Washington - Gütiger Patriot, Retter der Wirtschaft, aufrechter Commander-in-Chief: In der Nacht zum Mittwoch hat Donald Trump den strahlenden Landesvater mit strenger Hand gegeben - als ein Präsident mit milden Seiten, als einer für alle. Einerseits. In all das wohlige Sonnen im Erreichten und das leuchtende Schildern einer gemeinsamen Zukunft aber baute er eine knallharte Nachricht: Guantánamo Bay, das Gefangenenlager auf Kuba, es bleibt offen. Wieder ein Stück Erbe des Vorgängers Barack Obama, das er zurückgedreht hat. Es war eine Rede des weitgespannten Einerseits, Andererseits.
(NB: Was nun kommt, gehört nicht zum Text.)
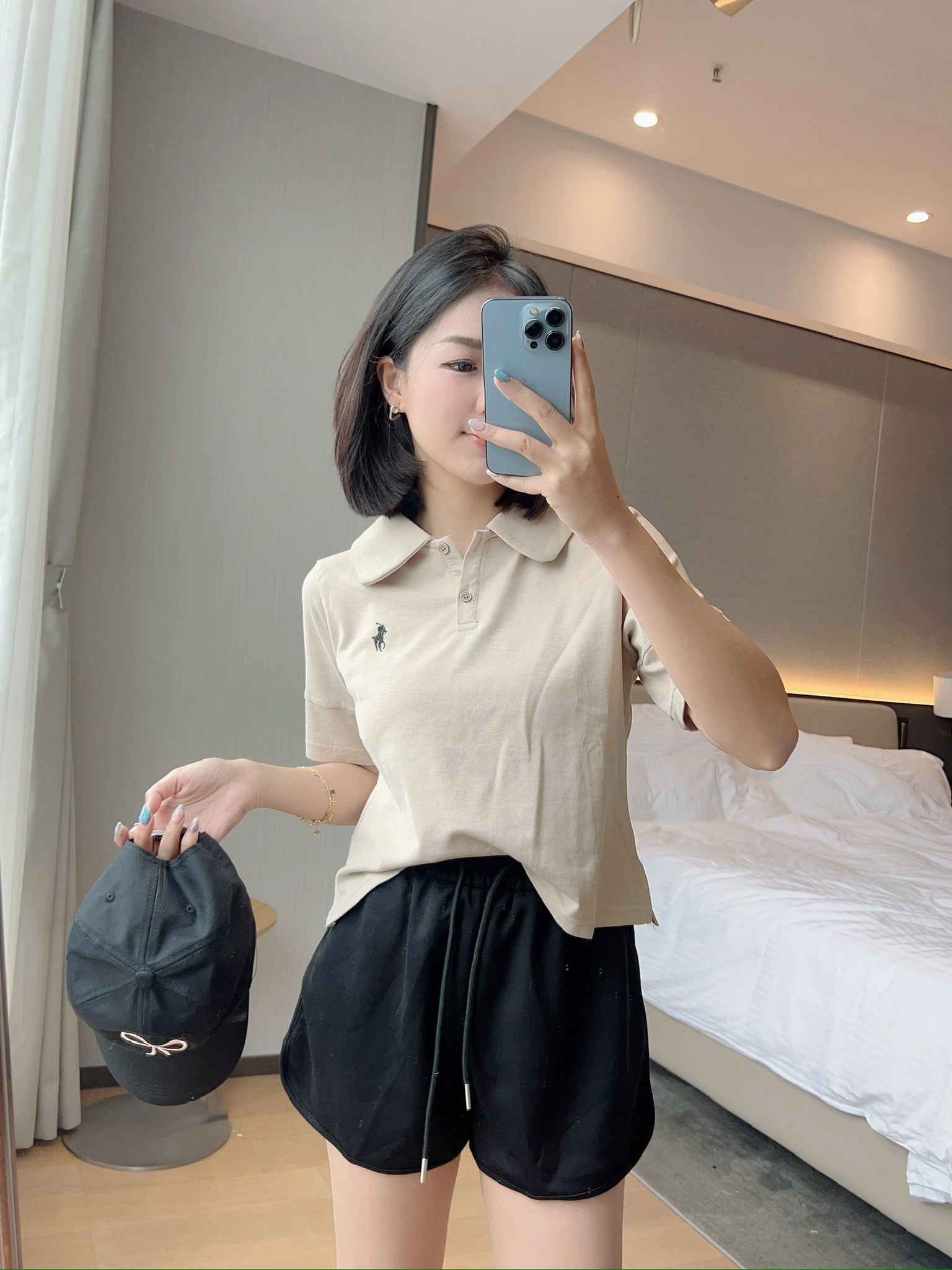 Aileen Shorts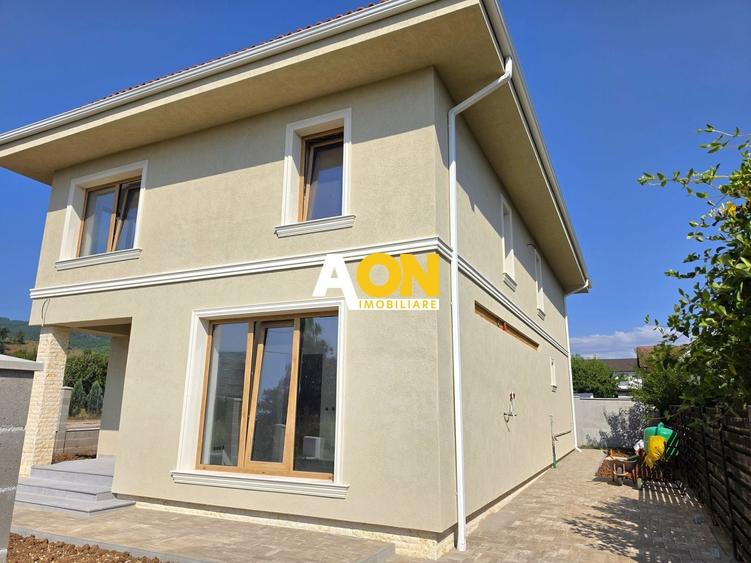 Casă individuală cu 5 camere cu Canalizare în Cetate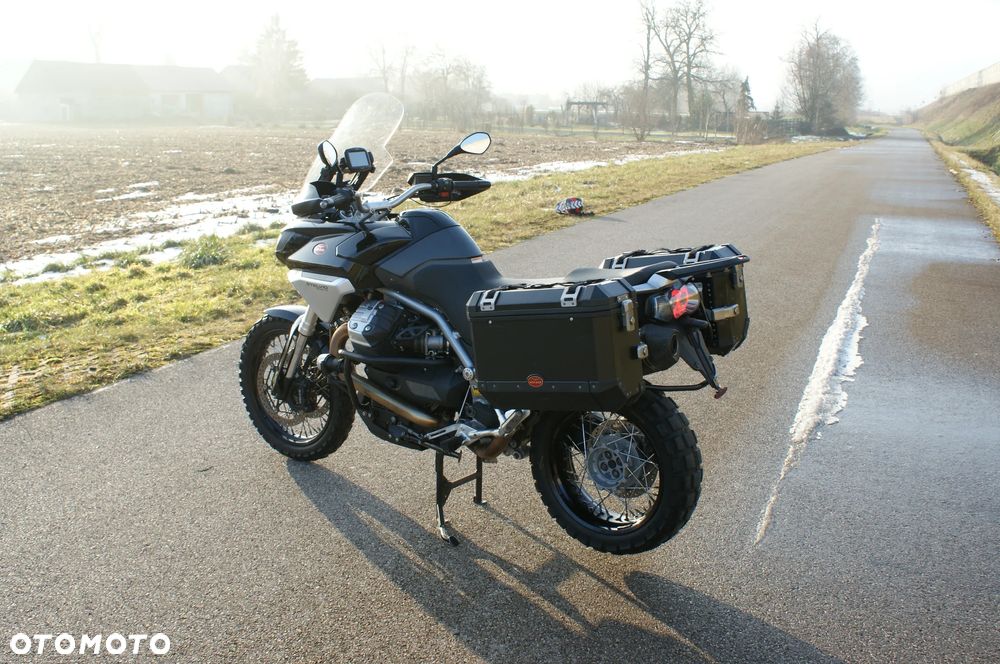 Moto Guzzi Stelvio - 9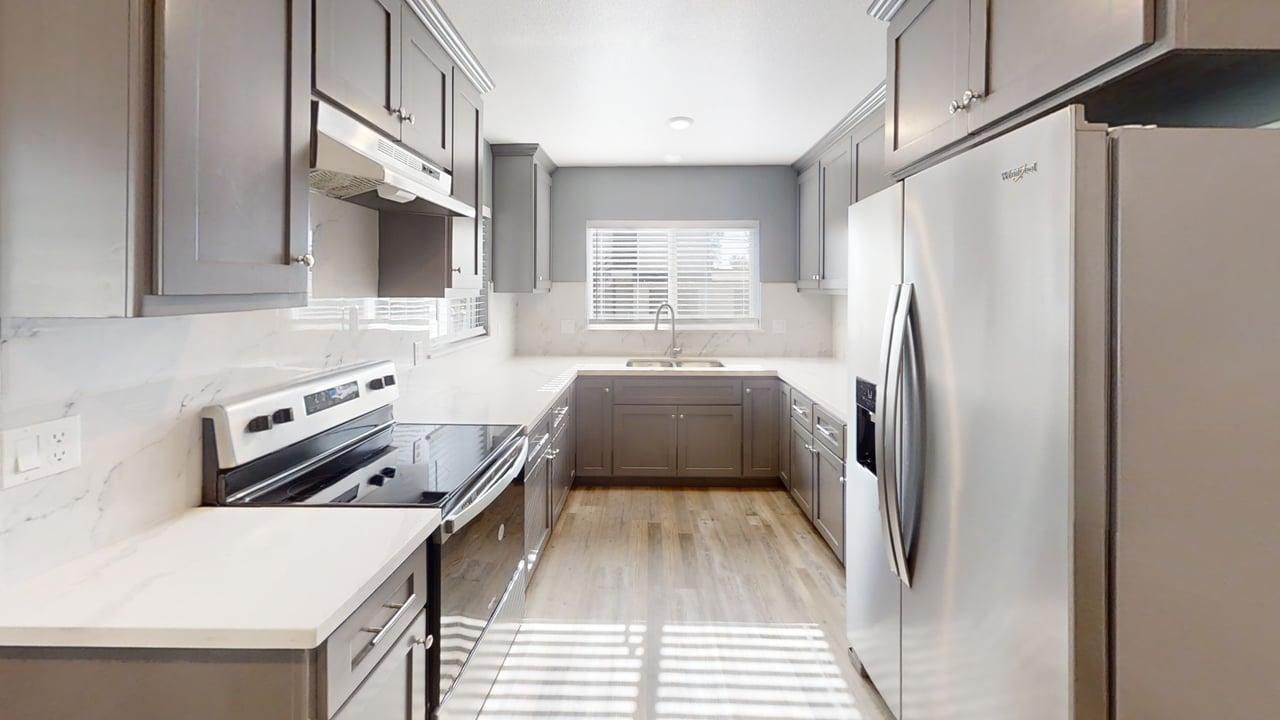 1501 N Carruth Ave, Fresno, CA 93728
Trump, so wurde es seit Tagen gestreut, wollte sich in dieser Rede auch davon wegbewegen, was er seit Amtsantritt im Januar 2017 für viele dargestellt hatte. Er wollte sein erstes Jahr hinter sich lassen, einen befreienden Blick auf die nächsten drei werfen. Mögen ihm Aktienkurse auf Rekordhoch auch neuer Nektar sein statt der miesen Umfragen - Trump hat so schlechte Zustimmungsraten, dass er etwas tun muss.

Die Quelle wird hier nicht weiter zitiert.